About this task> Reproduce word for word, from the entries below, the line with "Sticker Rond Lapin Brun Daisy Et Gingham", the line with "KIRE 60PCS Purple", and every line between them, and nothing more.

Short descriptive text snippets
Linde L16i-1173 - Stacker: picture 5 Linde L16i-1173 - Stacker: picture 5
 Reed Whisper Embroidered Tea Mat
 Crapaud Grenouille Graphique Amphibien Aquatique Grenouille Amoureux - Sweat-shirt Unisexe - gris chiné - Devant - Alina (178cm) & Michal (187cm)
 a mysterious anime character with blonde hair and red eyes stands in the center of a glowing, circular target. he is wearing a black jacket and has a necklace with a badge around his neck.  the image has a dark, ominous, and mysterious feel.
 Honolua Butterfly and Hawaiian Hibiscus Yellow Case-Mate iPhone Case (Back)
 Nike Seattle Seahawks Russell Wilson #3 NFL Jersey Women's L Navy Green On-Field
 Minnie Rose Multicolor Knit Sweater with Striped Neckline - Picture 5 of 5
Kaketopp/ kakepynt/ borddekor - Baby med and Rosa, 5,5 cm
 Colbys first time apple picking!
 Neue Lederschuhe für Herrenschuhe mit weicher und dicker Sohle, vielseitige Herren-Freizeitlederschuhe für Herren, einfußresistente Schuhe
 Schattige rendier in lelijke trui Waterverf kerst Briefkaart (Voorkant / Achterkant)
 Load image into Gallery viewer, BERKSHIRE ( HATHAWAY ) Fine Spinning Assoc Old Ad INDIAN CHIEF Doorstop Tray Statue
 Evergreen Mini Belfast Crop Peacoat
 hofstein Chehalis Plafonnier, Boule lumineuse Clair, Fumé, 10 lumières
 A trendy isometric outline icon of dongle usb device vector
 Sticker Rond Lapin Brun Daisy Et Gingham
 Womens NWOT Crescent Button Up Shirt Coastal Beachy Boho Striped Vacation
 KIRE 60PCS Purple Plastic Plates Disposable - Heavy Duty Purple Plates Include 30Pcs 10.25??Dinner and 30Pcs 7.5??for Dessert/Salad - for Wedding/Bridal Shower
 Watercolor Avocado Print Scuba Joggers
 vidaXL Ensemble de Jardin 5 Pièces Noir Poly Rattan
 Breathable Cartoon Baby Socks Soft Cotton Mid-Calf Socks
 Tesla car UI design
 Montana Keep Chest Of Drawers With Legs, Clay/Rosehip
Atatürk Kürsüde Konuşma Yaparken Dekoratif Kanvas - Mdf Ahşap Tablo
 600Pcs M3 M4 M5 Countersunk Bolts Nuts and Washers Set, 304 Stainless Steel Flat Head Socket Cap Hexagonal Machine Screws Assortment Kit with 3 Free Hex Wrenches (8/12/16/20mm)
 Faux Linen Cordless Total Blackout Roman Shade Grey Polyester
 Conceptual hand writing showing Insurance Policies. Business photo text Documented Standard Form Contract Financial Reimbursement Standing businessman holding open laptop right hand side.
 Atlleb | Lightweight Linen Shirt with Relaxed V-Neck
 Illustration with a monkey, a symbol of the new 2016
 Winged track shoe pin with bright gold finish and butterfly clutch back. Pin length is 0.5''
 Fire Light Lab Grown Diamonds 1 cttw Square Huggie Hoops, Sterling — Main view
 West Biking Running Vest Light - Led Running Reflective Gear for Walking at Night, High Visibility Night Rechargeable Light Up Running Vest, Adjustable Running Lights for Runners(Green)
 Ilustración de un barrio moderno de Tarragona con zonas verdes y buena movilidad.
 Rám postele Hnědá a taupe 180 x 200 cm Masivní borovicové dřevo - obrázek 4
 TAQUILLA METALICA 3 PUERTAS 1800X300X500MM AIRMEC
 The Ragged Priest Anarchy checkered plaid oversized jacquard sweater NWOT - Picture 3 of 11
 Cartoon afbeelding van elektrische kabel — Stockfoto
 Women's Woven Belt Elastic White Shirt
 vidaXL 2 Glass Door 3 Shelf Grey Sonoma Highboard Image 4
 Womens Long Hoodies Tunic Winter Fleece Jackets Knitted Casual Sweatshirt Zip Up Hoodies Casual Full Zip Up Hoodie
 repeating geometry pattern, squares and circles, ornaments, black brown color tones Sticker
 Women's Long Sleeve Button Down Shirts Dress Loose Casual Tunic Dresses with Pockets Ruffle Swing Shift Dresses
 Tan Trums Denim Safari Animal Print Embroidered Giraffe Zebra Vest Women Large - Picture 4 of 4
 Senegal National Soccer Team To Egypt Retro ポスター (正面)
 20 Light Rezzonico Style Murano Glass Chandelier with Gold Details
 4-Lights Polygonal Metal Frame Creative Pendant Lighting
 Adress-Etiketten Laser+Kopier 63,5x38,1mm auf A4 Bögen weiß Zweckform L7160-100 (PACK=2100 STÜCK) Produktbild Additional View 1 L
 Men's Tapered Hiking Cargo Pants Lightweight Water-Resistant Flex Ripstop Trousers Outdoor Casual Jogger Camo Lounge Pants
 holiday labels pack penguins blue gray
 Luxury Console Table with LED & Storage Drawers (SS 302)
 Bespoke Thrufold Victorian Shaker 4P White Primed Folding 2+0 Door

Solution for this problem>
 Sticker Rond Lapin Brun Daisy Et Gingham
 Womens NWOT Crescent Button Up Shirt Coastal Beachy Boho Striped Vacation
 KIRE 60PCS Purple Plastic Plates Disposable - Heavy Duty Purple Plates Include 30Pcs 10.25??Dinner and 30Pcs 7.5??for Dessert/Salad - for Wedding/Bridal Shower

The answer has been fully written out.